Source data:

--*--

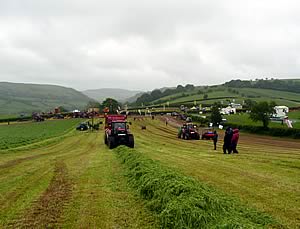 Royal Welsh Grassland Event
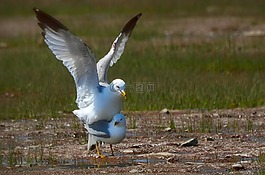 海鷗,鳥,耦合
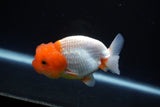 Juvenile Lionchu  Red White 3.5 Inch (ID#1025R11a-20) Free2Day SHIPPING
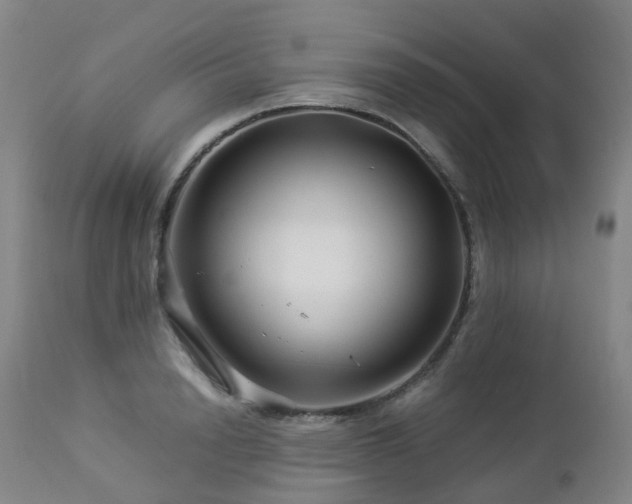 X0000112880846200908211449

--*--

Task prompt: Set out the material once more, exact in every line, with no images.

Final answer:
 Royal Welsh Grassland Event
 海鷗,鳥,耦合
 Juvenile Lionchu  Red White 3.5 Inch (ID#1025R11a-20) Free2Day SHIPPING
 X0000112880846200908211449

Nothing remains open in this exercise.